Wie so oft in den vergangenen Wochen sann Jaman darüber nach, wie unerwartet dieser Weg doch war, den zu gehen ihm die Propheten bestimmt hatten. Hätte jemand ihm früher gesagt, er würde einmal nicht nur freiwillig einen Cardassianer in sein Haus bitten, sondern sich sogar auf diese Besuche freuen, dann hätte er wohl am Geisteszustand des Betreffenden gezweifelt, und nun ...
Hatten Jamans Landsleute genau wie er selbst anfangs noch an eine vorübergehende Laune des Cardassianers geglaubt, mussten sogar die Misstrauischsten unter ihnen inzwischen zugeben, dass sie sich geirrt hatten. Glinn Garak hatte sein Wort gehalten und sich bei Gul Marak für eine Verbesserung der Bedingungen verwendet, unter denen die Bajoraner hier leben mussten. Nach und nach hatten die Lagerinsassen nicht nur bessere Verpflegung, Decken, wärmere Kleidung und medizinische Versorgung, sondern auch Holz erhalten, um ihre Baracken ausbessern und ausreichend beheizen zu können. Seit seiner Ankunft war hier niemand mehr verhungert oder erfroren. Hinzu kam, dass er den ihm unterstellten Offizieren und Soldaten verboten hatte, eine Bajoranerin - oder einen Bajoraner - gegen ihren oder seinen Willen anzufassen.

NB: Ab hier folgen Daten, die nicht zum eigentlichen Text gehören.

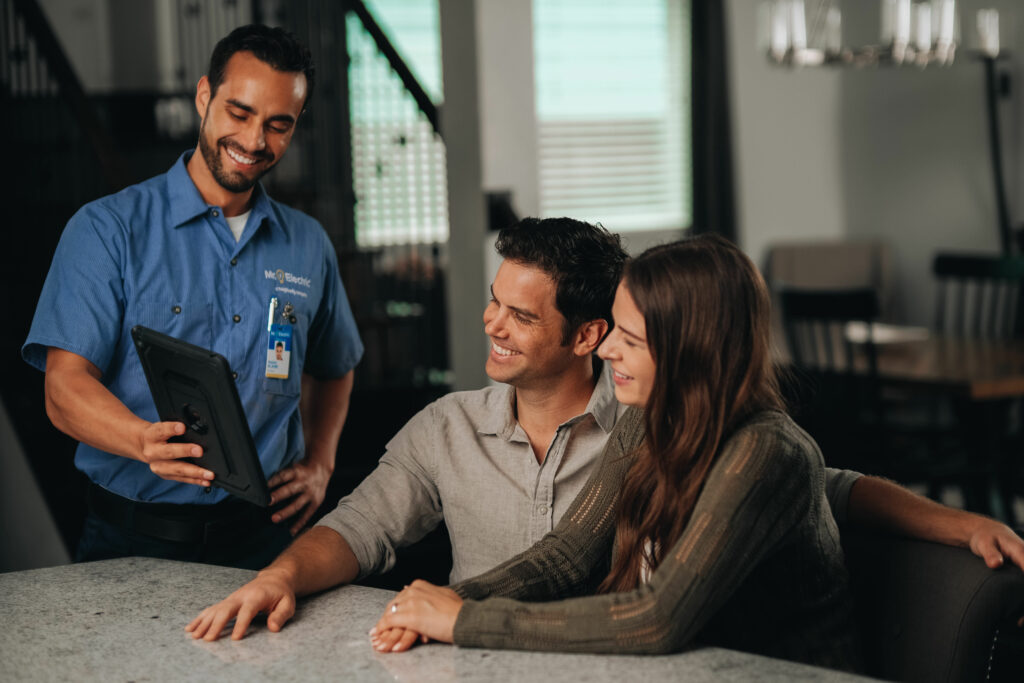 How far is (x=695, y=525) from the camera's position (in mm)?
1368

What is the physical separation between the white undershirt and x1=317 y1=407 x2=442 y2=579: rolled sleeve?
0.52 m

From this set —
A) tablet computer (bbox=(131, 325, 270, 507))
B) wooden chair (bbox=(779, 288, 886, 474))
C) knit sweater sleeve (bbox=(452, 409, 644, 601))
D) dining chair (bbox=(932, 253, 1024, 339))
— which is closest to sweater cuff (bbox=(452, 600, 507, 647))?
knit sweater sleeve (bbox=(452, 409, 644, 601))

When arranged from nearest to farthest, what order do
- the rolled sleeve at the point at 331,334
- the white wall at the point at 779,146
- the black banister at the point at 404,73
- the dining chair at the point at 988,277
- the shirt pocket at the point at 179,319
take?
the shirt pocket at the point at 179,319, the rolled sleeve at the point at 331,334, the black banister at the point at 404,73, the dining chair at the point at 988,277, the white wall at the point at 779,146

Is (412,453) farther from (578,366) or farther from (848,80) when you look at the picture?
(848,80)

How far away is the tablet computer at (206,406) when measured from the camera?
149cm

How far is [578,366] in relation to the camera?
191 centimetres

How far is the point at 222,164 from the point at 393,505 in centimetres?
70

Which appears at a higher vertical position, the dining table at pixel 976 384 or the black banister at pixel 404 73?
the black banister at pixel 404 73

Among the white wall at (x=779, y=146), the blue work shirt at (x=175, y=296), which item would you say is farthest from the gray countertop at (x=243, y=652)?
the white wall at (x=779, y=146)

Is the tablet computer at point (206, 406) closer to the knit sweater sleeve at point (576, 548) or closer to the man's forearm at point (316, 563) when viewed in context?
the man's forearm at point (316, 563)

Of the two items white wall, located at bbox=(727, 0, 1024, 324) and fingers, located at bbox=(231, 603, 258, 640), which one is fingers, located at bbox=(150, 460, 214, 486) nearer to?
fingers, located at bbox=(231, 603, 258, 640)

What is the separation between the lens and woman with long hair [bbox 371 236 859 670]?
1358mm

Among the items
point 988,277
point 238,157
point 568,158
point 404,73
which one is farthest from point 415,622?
point 568,158

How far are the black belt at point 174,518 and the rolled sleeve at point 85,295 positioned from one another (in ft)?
0.87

Ja, Glinn Garak war anders als die anderen Cardassianer, sie alle hier hatten ihm viel zu verdanken, er war vermutlich der einzige ihrer Bewacher, der durch das Lager gehen konnte, ohne dass ihm hassvolle bajoranische Blicke, ja nicht einmal ein hassvoller Gedanke, folgten. Jaman selbst machte keinen Hehl daraus, dass er dem Offizier freundschaftliche Gefühle entgegenbrachte - und Laren war in den jungen Cardassianer geradezu vernarrt - eine Zuneigung, die auf Gegenseitigkeit beruhte. Zuerst hatte der besorgte Vater in Jaman die wachsende Vertrautheit zwischen den beiden mit Argwohn betrachtet, man munkelte auf Bajor von seltsamen Gelüsten mancher Cardassianer, aber da nichts im Verhalten des Glinn Jamans Misstrauen bestätigte, verschwand es schließlich, um niemals wiederzukehren.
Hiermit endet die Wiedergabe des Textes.